# BFD Red Filter Lights



## allredp (Feb 7, 2007)

Hey Shacksters,

Now that I have my filters loaded and am loving the new sounds my SVS is making :flex: , I need to know if there's a handy way to turn off the red filter lights on the BFD!

Seems like I read something about that in Sonnie's BFD guide, however, after running back through my printed version I can't find it.

Is there a way to turn them off without turning off the filters? 

Thanks for any help!

The Shack rocks... :T 

-- Phil


----------



## Otto (May 18, 2006)

I don't think so. They are pretty bright, huh?

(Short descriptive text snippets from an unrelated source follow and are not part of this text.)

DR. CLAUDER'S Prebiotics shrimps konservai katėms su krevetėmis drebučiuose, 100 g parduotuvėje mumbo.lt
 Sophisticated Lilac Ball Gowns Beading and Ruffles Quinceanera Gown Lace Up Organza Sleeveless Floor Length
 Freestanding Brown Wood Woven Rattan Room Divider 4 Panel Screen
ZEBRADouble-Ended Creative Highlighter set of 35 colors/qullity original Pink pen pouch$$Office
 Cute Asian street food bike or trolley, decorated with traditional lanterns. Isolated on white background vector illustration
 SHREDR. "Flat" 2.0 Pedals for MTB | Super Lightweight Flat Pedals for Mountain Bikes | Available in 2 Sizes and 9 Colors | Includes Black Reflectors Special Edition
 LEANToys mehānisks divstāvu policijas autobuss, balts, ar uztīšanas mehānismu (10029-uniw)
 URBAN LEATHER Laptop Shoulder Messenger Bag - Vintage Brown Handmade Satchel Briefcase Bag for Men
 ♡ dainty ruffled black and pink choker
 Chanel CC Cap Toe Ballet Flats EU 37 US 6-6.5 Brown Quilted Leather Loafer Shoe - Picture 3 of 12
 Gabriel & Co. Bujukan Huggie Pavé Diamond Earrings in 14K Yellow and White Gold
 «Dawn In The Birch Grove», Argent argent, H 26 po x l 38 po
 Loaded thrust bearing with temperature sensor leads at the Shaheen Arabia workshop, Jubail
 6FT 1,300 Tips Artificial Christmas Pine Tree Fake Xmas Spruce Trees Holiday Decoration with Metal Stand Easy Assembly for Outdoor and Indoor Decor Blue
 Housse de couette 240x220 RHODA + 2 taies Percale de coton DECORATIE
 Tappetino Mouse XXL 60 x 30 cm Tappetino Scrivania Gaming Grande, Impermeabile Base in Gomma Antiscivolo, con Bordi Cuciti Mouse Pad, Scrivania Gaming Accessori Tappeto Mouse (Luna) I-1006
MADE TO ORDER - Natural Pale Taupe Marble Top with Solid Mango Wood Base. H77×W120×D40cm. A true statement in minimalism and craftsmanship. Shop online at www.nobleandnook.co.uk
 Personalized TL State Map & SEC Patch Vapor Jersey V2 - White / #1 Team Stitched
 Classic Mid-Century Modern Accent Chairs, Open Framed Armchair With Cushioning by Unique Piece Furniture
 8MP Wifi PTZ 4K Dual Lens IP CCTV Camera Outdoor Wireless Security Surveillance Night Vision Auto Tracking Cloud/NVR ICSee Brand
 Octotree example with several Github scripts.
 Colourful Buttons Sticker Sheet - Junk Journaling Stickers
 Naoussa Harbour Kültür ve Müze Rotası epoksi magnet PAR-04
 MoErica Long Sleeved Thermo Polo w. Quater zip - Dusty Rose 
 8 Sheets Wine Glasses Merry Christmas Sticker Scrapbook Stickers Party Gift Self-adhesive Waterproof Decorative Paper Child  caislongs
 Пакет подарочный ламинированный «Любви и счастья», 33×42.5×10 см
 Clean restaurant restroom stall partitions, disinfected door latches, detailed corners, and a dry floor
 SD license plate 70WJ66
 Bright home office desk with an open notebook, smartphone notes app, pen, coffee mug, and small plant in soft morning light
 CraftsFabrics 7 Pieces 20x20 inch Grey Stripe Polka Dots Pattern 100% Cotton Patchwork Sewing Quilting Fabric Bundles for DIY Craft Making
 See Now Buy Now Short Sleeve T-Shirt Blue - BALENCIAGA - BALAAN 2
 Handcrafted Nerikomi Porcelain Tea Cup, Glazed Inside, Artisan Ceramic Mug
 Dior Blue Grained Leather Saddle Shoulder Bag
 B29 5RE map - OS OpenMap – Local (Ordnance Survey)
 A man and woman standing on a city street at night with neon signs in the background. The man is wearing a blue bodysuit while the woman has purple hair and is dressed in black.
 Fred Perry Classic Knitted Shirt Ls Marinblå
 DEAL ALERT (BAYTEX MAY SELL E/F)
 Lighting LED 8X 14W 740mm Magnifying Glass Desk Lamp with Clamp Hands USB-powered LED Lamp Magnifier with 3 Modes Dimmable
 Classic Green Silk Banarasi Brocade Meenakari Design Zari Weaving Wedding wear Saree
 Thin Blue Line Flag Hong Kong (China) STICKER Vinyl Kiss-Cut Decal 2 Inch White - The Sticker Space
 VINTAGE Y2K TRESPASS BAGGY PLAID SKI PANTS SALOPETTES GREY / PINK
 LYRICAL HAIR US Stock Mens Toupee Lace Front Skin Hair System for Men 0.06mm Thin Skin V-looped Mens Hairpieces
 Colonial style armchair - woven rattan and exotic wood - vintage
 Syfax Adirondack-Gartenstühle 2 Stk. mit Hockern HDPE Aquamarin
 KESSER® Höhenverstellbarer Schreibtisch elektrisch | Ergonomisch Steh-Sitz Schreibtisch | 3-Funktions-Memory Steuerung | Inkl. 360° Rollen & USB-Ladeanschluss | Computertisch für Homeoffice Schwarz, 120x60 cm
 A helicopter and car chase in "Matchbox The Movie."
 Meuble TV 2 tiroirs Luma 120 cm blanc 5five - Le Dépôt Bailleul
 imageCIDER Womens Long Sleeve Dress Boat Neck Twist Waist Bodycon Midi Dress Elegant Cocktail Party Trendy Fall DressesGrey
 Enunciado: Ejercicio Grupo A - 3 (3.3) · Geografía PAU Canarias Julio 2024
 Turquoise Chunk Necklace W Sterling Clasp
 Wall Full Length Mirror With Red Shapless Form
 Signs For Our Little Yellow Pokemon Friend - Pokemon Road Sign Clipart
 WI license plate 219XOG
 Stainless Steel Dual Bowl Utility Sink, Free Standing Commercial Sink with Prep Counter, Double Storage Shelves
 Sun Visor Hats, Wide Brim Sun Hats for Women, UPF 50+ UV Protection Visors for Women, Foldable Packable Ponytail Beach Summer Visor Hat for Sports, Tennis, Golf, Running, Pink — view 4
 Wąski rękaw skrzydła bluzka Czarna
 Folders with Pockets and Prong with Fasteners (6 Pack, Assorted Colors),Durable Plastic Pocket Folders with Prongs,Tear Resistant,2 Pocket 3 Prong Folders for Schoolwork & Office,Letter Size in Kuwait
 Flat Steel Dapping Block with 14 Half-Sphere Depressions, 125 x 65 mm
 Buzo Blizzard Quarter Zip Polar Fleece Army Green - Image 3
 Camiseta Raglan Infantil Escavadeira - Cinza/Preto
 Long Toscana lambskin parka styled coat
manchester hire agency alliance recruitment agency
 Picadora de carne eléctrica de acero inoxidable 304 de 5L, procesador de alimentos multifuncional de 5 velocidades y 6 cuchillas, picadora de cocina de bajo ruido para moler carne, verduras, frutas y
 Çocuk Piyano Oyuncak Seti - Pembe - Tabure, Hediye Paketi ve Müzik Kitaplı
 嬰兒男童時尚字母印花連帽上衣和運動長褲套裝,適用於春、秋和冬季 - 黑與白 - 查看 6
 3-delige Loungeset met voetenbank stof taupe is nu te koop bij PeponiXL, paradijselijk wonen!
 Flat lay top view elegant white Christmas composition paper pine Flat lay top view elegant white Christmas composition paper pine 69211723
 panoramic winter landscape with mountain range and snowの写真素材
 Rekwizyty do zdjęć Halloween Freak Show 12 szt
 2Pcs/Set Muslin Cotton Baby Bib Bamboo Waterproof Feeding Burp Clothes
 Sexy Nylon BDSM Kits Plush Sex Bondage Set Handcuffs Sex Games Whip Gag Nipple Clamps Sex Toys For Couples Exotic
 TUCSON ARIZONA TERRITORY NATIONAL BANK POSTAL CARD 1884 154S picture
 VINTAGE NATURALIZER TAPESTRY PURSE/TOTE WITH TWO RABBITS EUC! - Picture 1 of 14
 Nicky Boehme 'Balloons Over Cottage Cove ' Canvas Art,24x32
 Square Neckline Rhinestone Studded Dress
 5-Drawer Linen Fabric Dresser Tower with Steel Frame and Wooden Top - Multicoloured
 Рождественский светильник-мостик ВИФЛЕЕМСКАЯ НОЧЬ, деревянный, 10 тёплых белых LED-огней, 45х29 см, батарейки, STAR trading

When I get a chance, I'm gonna stop by the auto body shop and get a scrap of window tint to put over that panel...


----------



## allredp (Feb 7, 2007)

Excellent idea, Otto...

Aesthetics aren't everything, are they?! I just can't get over what a difference the BFD is making in my room :holycow: 

-- Phil


----------



## Wayne A. Pflughaupt (Apr 13, 2006)

Otto said:


> When I get a chance, I'm gonna stop by the auto body shop and get a scrap of window tint to put over that panel...


Get a piece of 35% and a piece of 20%. One of those ought to do it. :T 

Regards,
Wayne A. Pflughaupt


----------



## Chrisbee (Apr 20, 2006)

Once you have the BFD set you don't need to see it except to turn it on. 
If you leave it switched on to avoid the thump in the sub you can stash it completely out of sight.


----------



## allredp (Feb 7, 2007)

Good point--though I'm probably going to keep tweeking with house curves, etc.

But, when I am finished, I could put it out of sight behind the other equipment (I have a behind the equipment room aka under the stairs space).

Funny how easy solutions evade us at times! :doh: 

Thanks,
Phil


----------